__ASSIGNMENT__. Give back exactly the stretch of data below from the line holding "Najmoćniji top Vojske" through the line holding "Un plan sangriento", both ends included, and leave the remaining lines out.
╭─ THE RECORDS
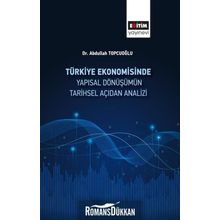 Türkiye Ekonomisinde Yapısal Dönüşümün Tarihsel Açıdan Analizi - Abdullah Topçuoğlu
╰─
╭─ THE RECORDS
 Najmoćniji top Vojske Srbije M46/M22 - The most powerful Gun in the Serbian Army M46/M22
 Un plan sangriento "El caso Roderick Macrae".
╰─
__ANSWER BOX__.
 Najmoćniji top Vojske Srbije M46/M22 - The most powerful Gun in the Serbian Army M46/M22
 Un plan sangriento "El caso Roderick Macrae".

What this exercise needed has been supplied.